Hello, world outside of my Home Office!

A non-technical friend recently approached me with a simple yet profound question: why can't assembling sensors be as straightforward as building with Lego bricks? This got me thinking: what exactly is needed to achieve such simplicity? We have a plethora of sensors, microcontrollers (MCUs), CPUs, communication protocols like WiFi, LTE, and BLE, but it's the sensor aspect that truly intrigued me. Why isn't there a standardized, plug-and-play solution for sensors akin to Lego blocks? I was certain someone must have pondered this before and devised a solution, but my search came up empty-handed.

Perhaps such solutions exist within closed systems. Nevertheless, I couldn't shake the complexity inherent in sensor integration. Sensors utilize various communication protocols like SPI or I2C, some employ analog data, while others use unique methods like one-wire communication. Building a sensor requires not just creating a PCB but also implementing core functionalities such as drivers and communication protocols. Often, this entails deciphering convoluted manufacturer code, which obscures functionalities rather than simplifying them.

I2C and SPI are commendable protocols for sensor communication, so why the inconsistency across sensors? While direct register addressing might explain some of the variation, it still doesn't justify the chaos. After all, what do we expect from a temperature sensor? Temperature data. And from a pressure sensor? Pressure readings. Yet, the available sensors demand calibration, data reading, and interpretation, often involving complex calculations just to obtain the desired value. While I understand the inherent complexities, why must users grapple with them?
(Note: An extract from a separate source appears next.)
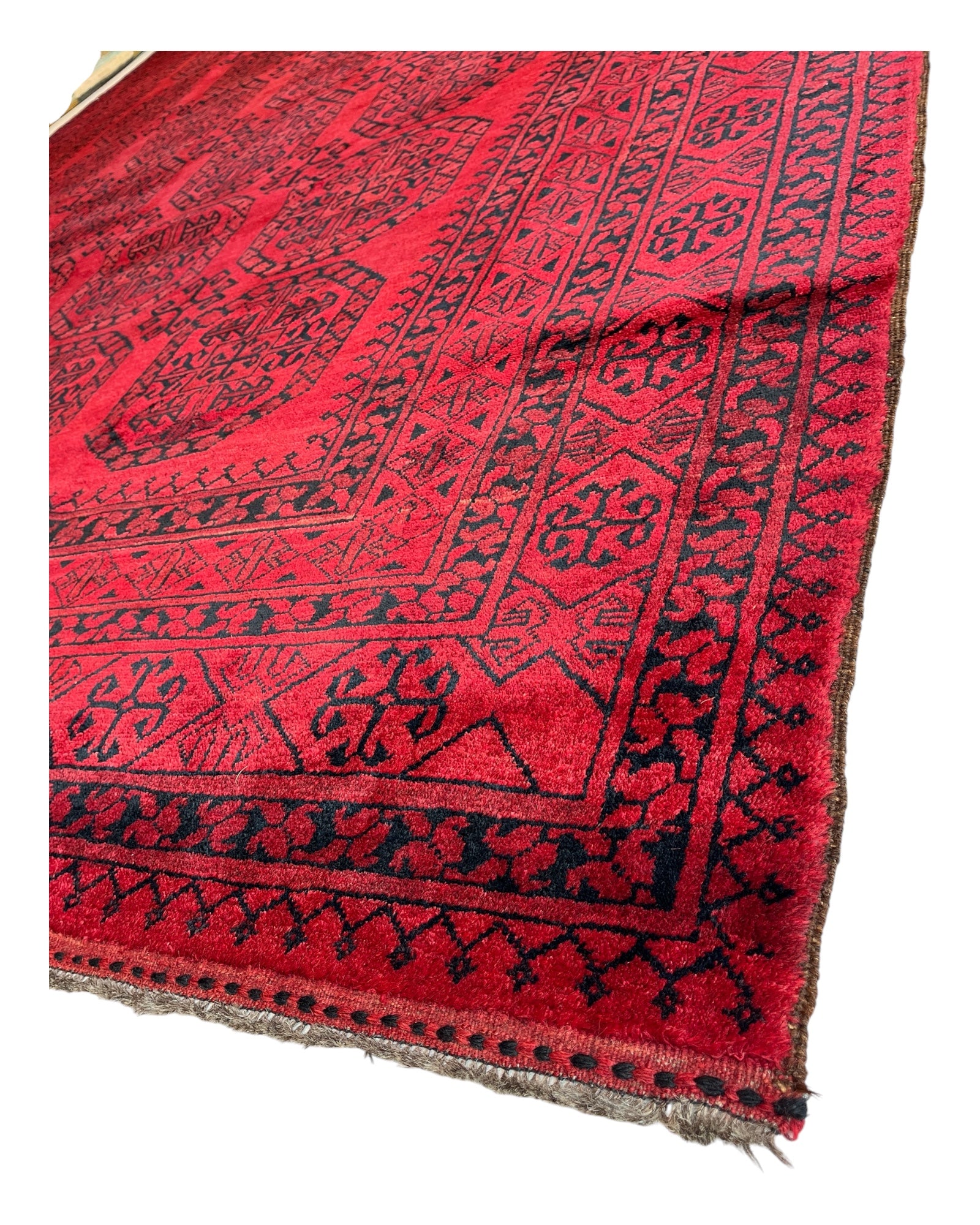 370cm x 270cm Antique Sulemani Aq Cha. Circa 1950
I simply want to focus on my application and use-case without delving into the intricacies of sensor calibration and data interpretation.

So, I pondered a solution. Although I'm neither an expert electronics engineer nor an expert in any field, I believed there had to be a simpler approach. In essence, I devised a prototype "language" built upon the I2C protocol to facilitate sensor discovery and communication.

Utilizing the I2C protocol, I defined registers for every conceivable action and encapsulated them within a protocol I've named GeniX (Generic inter-integrated Circuit Communication Protocol). I created a prototype to test my idea, and it functions as intended.

For a more comprehensive description, you can visit: https://github.com/open-thngs/genix.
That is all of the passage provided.